Mais ce qui me frappe, d’une manière générale, c’est ce qui se passe chez les jeunes Musulmans – ceux de la 2e ou 3e génération d’immigration, ou convertis. Loin du cliché qui fait d’eux des candidats au Djihad, nombre de ces jeunes Musulmans sont bien décidés à dessiner les contours d’un islam du XXIe siècle, en phase avec la culture européenne qui est la leur (mais qui est peut-être, tout simplement, la culture cosmopolitique d’aujourd’hui). Une génération de jeunes intellectuels musulmans européens, indépendants de tous les courants, est en train de se lever. Dans le marasme assez pesant où nous nous trouvons, il y a là, pour moi, un grand motif de satisfaction et d’espoir.

 

Ceci me permet de conclure sur une note optimiste et volontariste.

 

Pour un parti comme le PS, il n’y a pas à choisir, en fin de compte, entre l’universalisme laïque et le multiculturalisme.

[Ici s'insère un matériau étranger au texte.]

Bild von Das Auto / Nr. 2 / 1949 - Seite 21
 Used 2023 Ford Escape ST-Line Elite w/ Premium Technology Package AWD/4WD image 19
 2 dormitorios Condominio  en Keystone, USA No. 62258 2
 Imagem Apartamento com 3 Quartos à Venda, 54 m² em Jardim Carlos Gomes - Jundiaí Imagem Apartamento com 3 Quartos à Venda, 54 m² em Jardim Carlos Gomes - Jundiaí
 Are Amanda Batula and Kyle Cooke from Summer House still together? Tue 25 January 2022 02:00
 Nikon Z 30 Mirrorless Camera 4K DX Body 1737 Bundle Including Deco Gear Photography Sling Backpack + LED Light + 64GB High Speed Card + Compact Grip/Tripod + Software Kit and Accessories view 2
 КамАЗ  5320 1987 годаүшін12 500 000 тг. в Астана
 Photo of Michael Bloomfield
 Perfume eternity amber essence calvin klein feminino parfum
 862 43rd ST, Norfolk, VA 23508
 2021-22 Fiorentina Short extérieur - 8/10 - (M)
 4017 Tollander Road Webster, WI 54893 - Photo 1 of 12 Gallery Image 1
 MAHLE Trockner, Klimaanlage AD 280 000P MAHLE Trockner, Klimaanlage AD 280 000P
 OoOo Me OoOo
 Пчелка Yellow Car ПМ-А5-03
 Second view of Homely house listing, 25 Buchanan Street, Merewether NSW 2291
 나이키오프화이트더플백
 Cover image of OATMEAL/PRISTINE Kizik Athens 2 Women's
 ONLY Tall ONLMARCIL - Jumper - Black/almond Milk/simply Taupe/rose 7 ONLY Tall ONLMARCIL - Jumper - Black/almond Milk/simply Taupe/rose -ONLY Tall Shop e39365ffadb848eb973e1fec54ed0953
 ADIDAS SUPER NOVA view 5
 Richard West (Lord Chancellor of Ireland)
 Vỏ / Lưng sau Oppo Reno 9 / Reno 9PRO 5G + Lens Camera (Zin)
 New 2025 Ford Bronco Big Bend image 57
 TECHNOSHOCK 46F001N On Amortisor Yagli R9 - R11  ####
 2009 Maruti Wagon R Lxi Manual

Nous pouvons et devons à la fois

  • Continuer le combat pour l’égalité femme/homme, la neutralité et la laïcité, et d’une manière générale, tous les combats liés à l’émancipation des individus ;
  • et reconnaître pleinement la liberté religieuse et la liberté de convictions de chacun – donc, sans équivoque, celle de nos concitoyens musulmans.

 

Je ne pense pas que cela soit contradictoire, à condition peut-être d’être beaucoup plus au clair sur le socle de normes fondamentales qui doit nous être commun à tous. Notez bien que je dis normes et non valeurs, car les valeurs sont relatives et toujours ouvertes au débat démocratique.

 

Plusieurs chantiers sont ici en jeu, que je ne fais qu’identifier :

 

  • La question des Cours de Philosophie et Citoyenneté dans l’enseignement obligatoire, qui devraient être d’application dès la rentrée 2016, en remplacement d’une des deux heures (et idéalement, selon moi, des deux heures) des cours actuels de religion(s) ou de morale. Ce cours peut être un bel instrument en vue (1) d’affermir le socle de normes dont je parlais plus haut, mais aussi (2) d’ouvrir chacun aux croyances et aux convictions des autres et (3) de développer l’esprit critique, la faculté de penser par soi-même – ce qui est le propre de la philosophie, discipline qu’il convient impérativement d’enseigner dans nos écoles ;

 

  • La question des signes religieux ou convictionnels, dont il faut toujours commencer par relativiser l’importance. Une éventuelle interdiction des signes religieux, au nom de la neutralité ou de l’égalité femme/homme, ne se pose que dans deux sphères limitées de la vie sociale :
    • l’école publique obligatoire (les pouvoirs organisateurs de l’enseignement libre sont, en ces matières, souverains, tandis que dans l’enseignement supérieur et la formation continuée, les élèves sont des adultes dont la liberté de conviction ne peut être limitée) ;
    • les agents de la fonction publique (étant entendu que les usagers, eux, ne peuvent se voir restreindre leurs libertés).

 

Dans tous les autres champs de la vie sociale – espace public, biens et services, emploi, etc. – aucune restriction n’est selon moi légitime. Par contre, je trouve légitime que soit soulevée et envisagée la question de l’interdiction des signes religieux dans les deux sphères précitées. Il y va de la laïcité, de l’égalité femme / homme. Et selon moi, c’est au Législateur qu’il revient, idéalement, de fixer la norme (même si je mesure toutes les difficultés que cela représente, avec des sensibilités différentes à Bruxelles et en Wallonie).

 

  • L’opportunité d’un texte symbolique fixant les droits et les devoirs de tout citoyen vivant ou résidant en Belgique. Dans le Rapport de la Commission du dialogue interculturel de 2005, il était proposé que soit affichée dans les lieux publics, les écoles, etc. une « Charte du citoyen » énonçant le socle commun de normes fondamentales (incluant nos législations sur l’avortement, l’euthanasie, l’égalité de genre, le mariage entre personnes de même sexe, etc.). Ne serait-il pas opportun de relancer ce projet de Charte qui, à l’époque, n’avait pas pu voir le jour ?

 

Ce ne sont là que des pistes de réflexion, dont je répète encore qu’elles ne sont pas séparables des enjeux plus larges que constitue en amont la construction (1) d’une politique d’intégration et de cohésion sociale et (2) d’une politique migratoire. C’est dire que le chantier du vivre-ensemble est immense.